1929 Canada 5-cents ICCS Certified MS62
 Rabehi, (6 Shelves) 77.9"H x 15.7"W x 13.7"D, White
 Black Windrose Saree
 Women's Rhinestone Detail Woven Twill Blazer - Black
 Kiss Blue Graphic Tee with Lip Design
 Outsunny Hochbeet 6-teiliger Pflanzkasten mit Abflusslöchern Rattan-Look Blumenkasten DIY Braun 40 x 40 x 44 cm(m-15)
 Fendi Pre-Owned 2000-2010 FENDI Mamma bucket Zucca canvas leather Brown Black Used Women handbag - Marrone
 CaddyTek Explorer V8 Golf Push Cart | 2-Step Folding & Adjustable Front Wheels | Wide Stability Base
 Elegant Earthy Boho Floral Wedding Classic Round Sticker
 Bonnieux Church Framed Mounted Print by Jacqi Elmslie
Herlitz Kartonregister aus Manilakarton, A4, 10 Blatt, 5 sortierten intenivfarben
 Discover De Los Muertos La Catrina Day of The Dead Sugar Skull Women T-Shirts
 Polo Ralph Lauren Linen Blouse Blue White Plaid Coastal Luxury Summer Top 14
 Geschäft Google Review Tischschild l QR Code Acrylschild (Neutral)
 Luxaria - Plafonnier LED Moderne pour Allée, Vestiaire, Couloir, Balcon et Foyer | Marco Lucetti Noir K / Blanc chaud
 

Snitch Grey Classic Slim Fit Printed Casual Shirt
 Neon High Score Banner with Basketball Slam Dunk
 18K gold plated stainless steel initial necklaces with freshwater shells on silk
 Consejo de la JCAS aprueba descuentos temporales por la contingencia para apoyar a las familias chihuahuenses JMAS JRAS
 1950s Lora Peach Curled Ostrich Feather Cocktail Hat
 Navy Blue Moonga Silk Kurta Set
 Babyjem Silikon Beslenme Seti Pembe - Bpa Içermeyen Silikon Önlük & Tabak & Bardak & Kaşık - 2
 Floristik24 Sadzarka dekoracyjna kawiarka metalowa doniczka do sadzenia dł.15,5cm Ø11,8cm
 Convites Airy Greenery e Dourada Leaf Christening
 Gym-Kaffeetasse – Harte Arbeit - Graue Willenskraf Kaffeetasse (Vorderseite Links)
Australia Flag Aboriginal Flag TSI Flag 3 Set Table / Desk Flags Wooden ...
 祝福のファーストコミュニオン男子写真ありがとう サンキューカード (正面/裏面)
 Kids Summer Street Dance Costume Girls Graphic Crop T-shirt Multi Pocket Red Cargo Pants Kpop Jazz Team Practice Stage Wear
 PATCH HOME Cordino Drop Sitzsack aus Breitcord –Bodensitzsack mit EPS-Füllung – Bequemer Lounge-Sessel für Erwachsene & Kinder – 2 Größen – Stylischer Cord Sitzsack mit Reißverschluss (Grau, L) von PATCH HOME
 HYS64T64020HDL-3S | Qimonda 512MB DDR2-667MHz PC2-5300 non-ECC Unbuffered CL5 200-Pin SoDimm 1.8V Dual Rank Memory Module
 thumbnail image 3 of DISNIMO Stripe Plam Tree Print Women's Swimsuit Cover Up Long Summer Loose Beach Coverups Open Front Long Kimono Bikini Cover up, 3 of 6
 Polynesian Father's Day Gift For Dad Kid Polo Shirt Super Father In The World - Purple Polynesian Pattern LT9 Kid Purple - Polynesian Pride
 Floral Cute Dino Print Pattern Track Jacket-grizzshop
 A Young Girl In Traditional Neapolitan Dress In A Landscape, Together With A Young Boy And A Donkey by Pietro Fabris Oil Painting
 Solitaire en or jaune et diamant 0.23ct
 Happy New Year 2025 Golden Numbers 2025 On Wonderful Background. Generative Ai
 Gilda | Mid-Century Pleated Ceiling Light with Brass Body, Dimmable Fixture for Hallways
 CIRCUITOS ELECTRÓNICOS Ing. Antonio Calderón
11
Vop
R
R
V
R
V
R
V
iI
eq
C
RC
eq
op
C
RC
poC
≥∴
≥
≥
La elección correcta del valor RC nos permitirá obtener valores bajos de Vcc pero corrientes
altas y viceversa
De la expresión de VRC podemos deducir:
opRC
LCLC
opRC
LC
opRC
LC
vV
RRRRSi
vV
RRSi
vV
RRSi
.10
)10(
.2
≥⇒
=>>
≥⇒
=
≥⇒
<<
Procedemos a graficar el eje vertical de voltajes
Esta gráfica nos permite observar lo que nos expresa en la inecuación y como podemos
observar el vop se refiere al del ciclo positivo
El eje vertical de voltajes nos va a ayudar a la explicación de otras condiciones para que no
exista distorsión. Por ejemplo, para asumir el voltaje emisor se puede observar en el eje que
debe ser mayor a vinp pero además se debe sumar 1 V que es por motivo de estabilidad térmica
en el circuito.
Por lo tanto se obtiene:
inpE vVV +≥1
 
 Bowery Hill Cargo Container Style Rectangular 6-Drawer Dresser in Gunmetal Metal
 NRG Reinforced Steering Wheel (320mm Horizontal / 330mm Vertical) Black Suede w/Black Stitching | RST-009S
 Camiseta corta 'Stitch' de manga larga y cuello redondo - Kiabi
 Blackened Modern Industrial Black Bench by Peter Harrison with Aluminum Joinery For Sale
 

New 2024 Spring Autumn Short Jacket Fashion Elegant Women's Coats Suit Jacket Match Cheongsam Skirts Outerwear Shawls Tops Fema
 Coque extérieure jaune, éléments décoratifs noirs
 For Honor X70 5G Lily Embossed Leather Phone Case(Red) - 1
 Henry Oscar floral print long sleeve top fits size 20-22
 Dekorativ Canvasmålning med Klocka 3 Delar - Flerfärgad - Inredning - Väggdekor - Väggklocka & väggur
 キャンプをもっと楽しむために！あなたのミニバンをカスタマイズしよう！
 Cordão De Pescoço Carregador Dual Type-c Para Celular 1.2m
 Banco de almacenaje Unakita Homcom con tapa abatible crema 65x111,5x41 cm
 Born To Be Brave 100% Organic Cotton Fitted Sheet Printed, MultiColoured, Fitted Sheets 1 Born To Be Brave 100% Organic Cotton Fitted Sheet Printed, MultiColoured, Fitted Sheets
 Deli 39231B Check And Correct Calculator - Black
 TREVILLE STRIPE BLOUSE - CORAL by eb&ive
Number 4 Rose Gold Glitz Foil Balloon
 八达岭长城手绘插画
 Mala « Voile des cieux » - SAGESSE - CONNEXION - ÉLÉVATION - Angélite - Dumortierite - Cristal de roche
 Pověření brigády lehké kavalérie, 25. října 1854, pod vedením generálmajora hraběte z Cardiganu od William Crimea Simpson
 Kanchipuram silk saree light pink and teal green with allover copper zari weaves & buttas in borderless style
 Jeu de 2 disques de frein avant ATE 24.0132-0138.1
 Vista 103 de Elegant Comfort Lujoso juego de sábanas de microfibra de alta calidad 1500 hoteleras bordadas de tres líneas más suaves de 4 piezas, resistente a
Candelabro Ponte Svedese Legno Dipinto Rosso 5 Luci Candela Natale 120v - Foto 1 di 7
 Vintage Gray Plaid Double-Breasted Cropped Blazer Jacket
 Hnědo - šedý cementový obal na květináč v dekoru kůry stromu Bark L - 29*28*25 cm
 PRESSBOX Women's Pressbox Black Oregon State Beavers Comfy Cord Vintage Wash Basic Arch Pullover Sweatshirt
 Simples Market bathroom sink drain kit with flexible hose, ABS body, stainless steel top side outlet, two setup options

- REQUIREMENT
Could you quote the material above in full, exactly as it stands?

- OUTPUT FOR THIS EXERCISE
1929 Canada 5-cents ICCS Certified MS62
 Rabehi, (6 Shelves) 77.9"H x 15.7"W x 13.7"D, White
 Black Windrose Saree
 Women's Rhinestone Detail Woven Twill Blazer - Black
 Kiss Blue Graphic Tee with Lip Design
 Outsunny Hochbeet 6-teiliger Pflanzkasten mit Abflusslöchern Rattan-Look Blumenkasten DIY Braun 40 x 40 x 44 cm(m-15)
 Fendi Pre-Owned 2000-2010 FENDI Mamma bucket Zucca canvas leather Brown Black Used Women handbag - Marrone
 CaddyTek Explorer V8 Golf Push Cart | 2-Step Folding & Adjustable Front Wheels | Wide Stability Base
 Elegant Earthy Boho Floral Wedding Classic Round Sticker
 Bonnieux Church Framed Mounted Print by Jacqi Elmslie
Herlitz Kartonregister aus Manilakarton, A4, 10 Blatt, 5 sortierten intenivfarben
 Discover De Los Muertos La Catrina Day of The Dead Sugar Skull Women T-Shirts
 Polo Ralph Lauren Linen Blouse Blue White Plaid Coastal Luxury Summer Top 14
 Geschäft Google Review Tischschild l QR Code Acrylschild (Neutral)
 Luxaria - Plafonnier LED Moderne pour Allée, Vestiaire, Couloir, Balcon et Foyer | Marco Lucetti Noir K / Blanc chaud
 

Snitch Grey Classic Slim Fit Printed Casual Shirt
 Neon High Score Banner with Basketball Slam Dunk
 18K gold plated stainless steel initial necklaces with freshwater shells on silk
 Consejo de la JCAS aprueba descuentos temporales por la contingencia para apoyar a las familias chihuahuenses JMAS JRAS
 1950s Lora Peach Curled Ostrich Feather Cocktail Hat
 Navy Blue Moonga Silk Kurta Set
 Babyjem Silikon Beslenme Seti Pembe - Bpa Içermeyen Silikon Önlük & Tabak & Bardak & Kaşık - 2
 Floristik24 Sadzarka dekoracyjna kawiarka metalowa doniczka do sadzenia dł.15,5cm Ø11,8cm
 Convites Airy Greenery e Dourada Leaf Christening
 Gym-Kaffeetasse – Harte Arbeit - Graue Willenskraf Kaffeetasse (Vorderseite Links)
Australia Flag Aboriginal Flag TSI Flag 3 Set Table / Desk Flags Wooden ...
 祝福のファーストコミュニオン男子写真ありがとう サンキューカード (正面/裏面)
 Kids Summer Street Dance Costume Girls Graphic Crop T-shirt Multi Pocket Red Cargo Pants Kpop Jazz Team Practice Stage Wear
 PATCH HOME Cordino Drop Sitzsack aus Breitcord –Bodensitzsack mit EPS-Füllung – Bequemer Lounge-Sessel für Erwachsene & Kinder – 2 Größen – Stylischer Cord Sitzsack mit Reißverschluss (Grau, L) von PATCH HOME
 HYS64T64020HDL-3S | Qimonda 512MB DDR2-667MHz PC2-5300 non-ECC Unbuffered CL5 200-Pin SoDimm 1.8V Dual Rank Memory Module
 thumbnail image 3 of DISNIMO Stripe Plam Tree Print Women's Swimsuit Cover Up Long Summer Loose Beach Coverups Open Front Long Kimono Bikini Cover up, 3 of 6
 Polynesian Father's Day Gift For Dad Kid Polo Shirt Super Father In The World - Purple Polynesian Pattern LT9 Kid Purple - Polynesian Pride
 Floral Cute Dino Print Pattern Track Jacket-grizzshop
 A Young Girl In Traditional Neapolitan Dress In A Landscape, Together With A Young Boy And A Donkey by Pietro Fabris Oil Painting
 Solitaire en or jaune et diamant 0.23ct
 Happy New Year 2025 Golden Numbers 2025 On Wonderful Background. Generative Ai
 Gilda | Mid-Century Pleated Ceiling Light with Brass Body, Dimmable Fixture for Hallways
 CIRCUITOS ELECTRÓNICOS Ing. Antonio Calderón
11
Vop
R
R
V
R
V
R
V
iI
eq
C
RC
eq
op
C
RC
poC
≥∴
≥
≥
La elección correcta del valor RC nos permitirá obtener valores bajos de Vcc pero corrientes
altas y viceversa
De la expresión de VRC podemos deducir:
opRC
LCLC
opRC
LC
opRC
LC
vV
RRRRSi
vV
RRSi
vV
RRSi
.10
)10(
.2
≥⇒
=>>
≥⇒
=
≥⇒
<<
Procedemos a graficar el eje vertical de voltajes
Esta gráfica nos permite observar lo que nos expresa en la inecuación y como podemos
observar el vop se refiere al del ciclo positivo
El eje vertical de voltajes nos va a ayudar a la explicación de otras condiciones para que no
exista distorsión. Por ejemplo, para asumir el voltaje emisor se puede observar en el eje que
debe ser mayor a vinp pero además se debe sumar 1 V que es por motivo de estabilidad térmica
en el circuito.
Por lo tanto se obtiene:
inpE vVV +≥1
 
 Bowery Hill Cargo Container Style Rectangular 6-Drawer Dresser in Gunmetal Metal
 NRG Reinforced Steering Wheel (320mm Horizontal / 330mm Vertical) Black Suede w/Black Stitching | RST-009S
 Camiseta corta 'Stitch' de manga larga y cuello redondo - Kiabi
 Blackened Modern Industrial Black Bench by Peter Harrison with Aluminum Joinery For Sale
 

New 2024 Spring Autumn Short Jacket Fashion Elegant Women's Coats Suit Jacket Match Cheongsam Skirts Outerwear Shawls Tops Fema
 Coque extérieure jaune, éléments décoratifs noirs
 For Honor X70 5G Lily Embossed Leather Phone Case(Red) - 1
 Henry Oscar floral print long sleeve top fits size 20-22
 Dekorativ Canvasmålning med Klocka 3 Delar - Flerfärgad - Inredning - Väggdekor - Väggklocka & väggur
 キャンプをもっと楽しむために！あなたのミニバンをカスタマイズしよう！
 Cordão De Pescoço Carregador Dual Type-c Para Celular 1.2m
 Banco de almacenaje Unakita Homcom con tapa abatible crema 65x111,5x41 cm
 Born To Be Brave 100% Organic Cotton Fitted Sheet Printed, MultiColoured, Fitted Sheets 1 Born To Be Brave 100% Organic Cotton Fitted Sheet Printed, MultiColoured, Fitted Sheets
 Deli 39231B Check And Correct Calculator - Black
 TREVILLE STRIPE BLOUSE - CORAL by eb&ive
Number 4 Rose Gold Glitz Foil Balloon
 八达岭长城手绘插画
 Mala « Voile des cieux » - SAGESSE - CONNEXION - ÉLÉVATION - Angélite - Dumortierite - Cristal de roche
 Pověření brigády lehké kavalérie, 25. října 1854, pod vedením generálmajora hraběte z Cardiganu od William Crimea Simpson
 Kanchipuram silk saree light pink and teal green with allover copper zari weaves & buttas in borderless style
 Jeu de 2 disques de frein avant ATE 24.0132-0138.1
 Vista 103 de Elegant Comfort Lujoso juego de sábanas de microfibra de alta calidad 1500 hoteleras bordadas de tres líneas más suaves de 4 piezas, resistente a
Candelabro Ponte Svedese Legno Dipinto Rosso 5 Luci Candela Natale 120v - Foto 1 di 7
 Vintage Gray Plaid Double-Breasted Cropped Blazer Jacket
 Hnědo - šedý cementový obal na květináč v dekoru kůry stromu Bark L - 29*28*25 cm
 PRESSBOX Women's Pressbox Black Oregon State Beavers Comfy Cord Vintage Wash Basic Arch Pullover Sweatshirt
 Simples Market bathroom sink drain kit with flexible hose, ABS body, stainless steel top side outlet, two setup options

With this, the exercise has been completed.